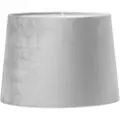 PR Home - Lampeskærm Stella, 20 cm - Grå - Lampeskærme - - Homeroom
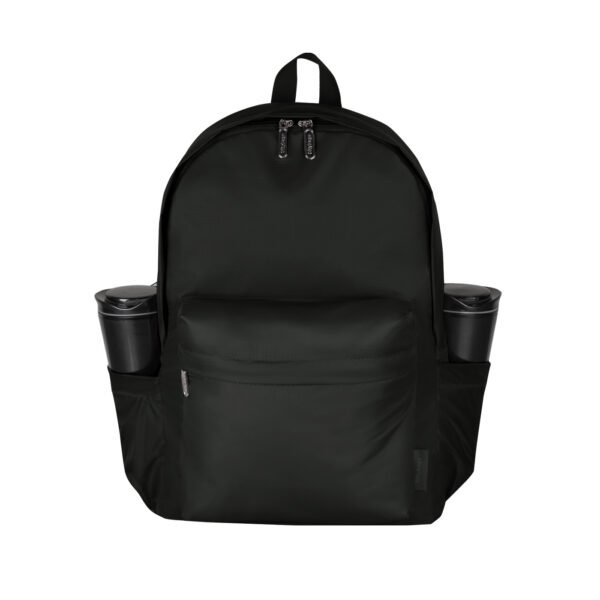 Mochila Urbana Light Negra
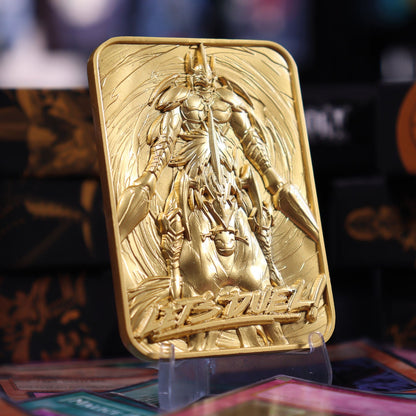 Carte métal collector Yu-Gi-Oh! - 24K Gold Plated Gaia the Fierce KnightLCarte métal collector Yu-Gi-Oh! - 24K Gold Plated Gaia the Fierce KnightiCarte métal collector Yu-Gi-Oh! - 24K Gold Plated Gaia the Fierce KnightnCarte métal collector Yu-Gi-Oh! - 24K Gold Plated Gaia the Fierce KnightgCarte métal collector Yu-Gi-Oh! - 24K Gold Plated Gaia the Fierce KnightoCarte métal collector Yu-Gi-Oh! - 24K Gold Plated Gaia the Fierce KnighttCarte métal collector Yu-Gi-Oh! - 24K Gold Plated Gaia the Fierce Knight C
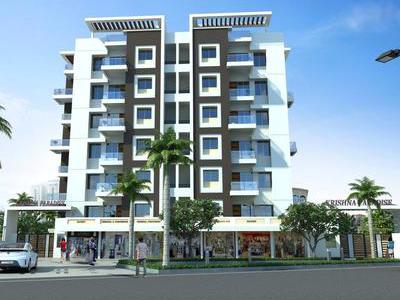flat / apartment, raipur, sarona, image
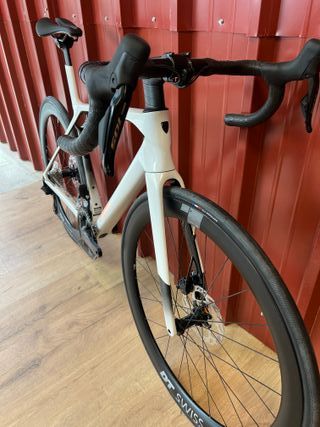 Bicicleta Trek Madone SL6 Talla M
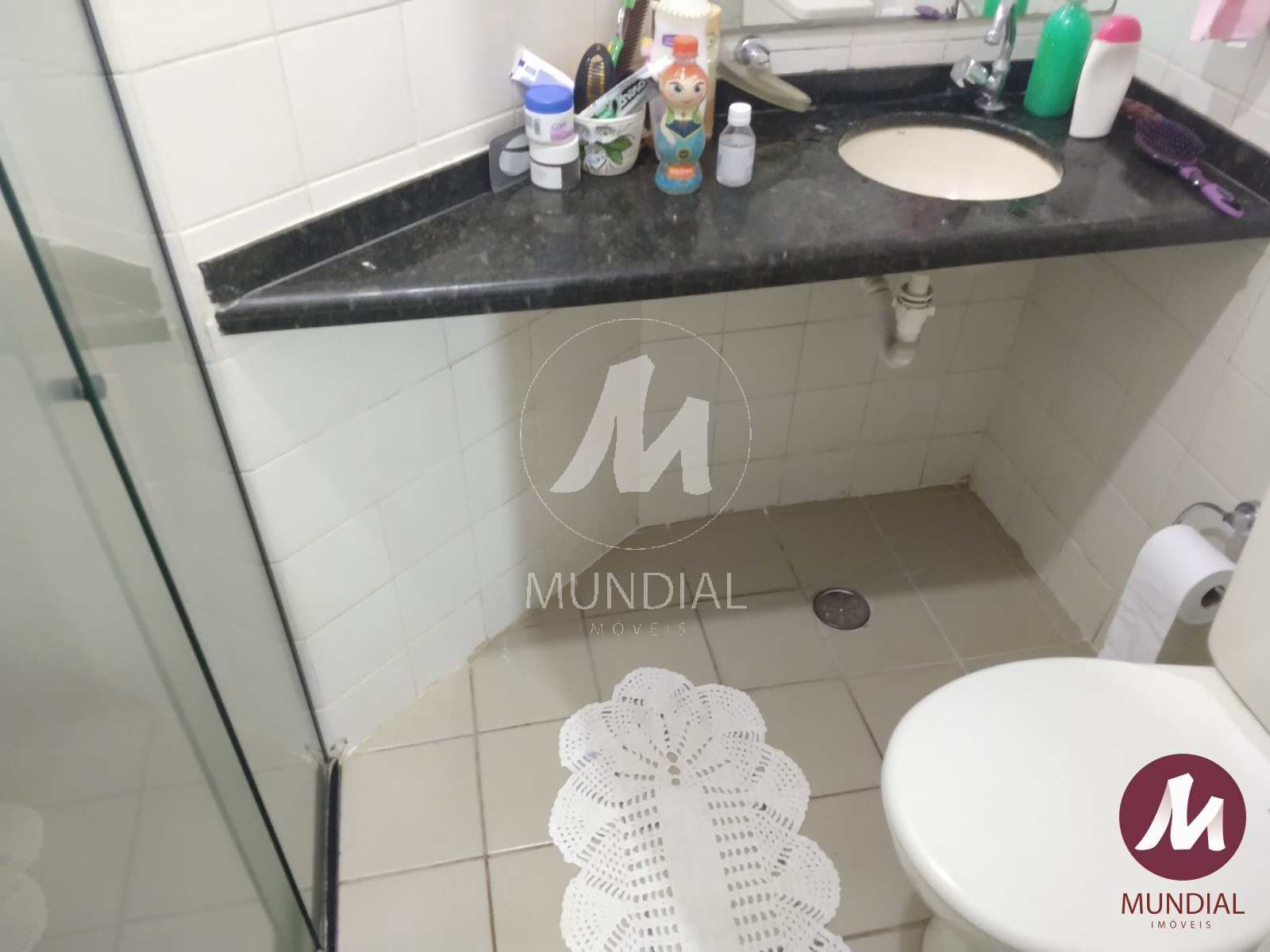 Banheiro/lavabo — foto 4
______
# PROBLEM REQUIREMENTS:
Restate the lines above exactly, from the one bearing "flat / apartment, raipur, sarona, image" through the final line of the material, both included, omitting pictures.

# RESPONSE:
flat / apartment, raipur, sarona, image
 Bicicleta Trek Madone SL6 Talla M
 Banheiro/lavabo — foto 4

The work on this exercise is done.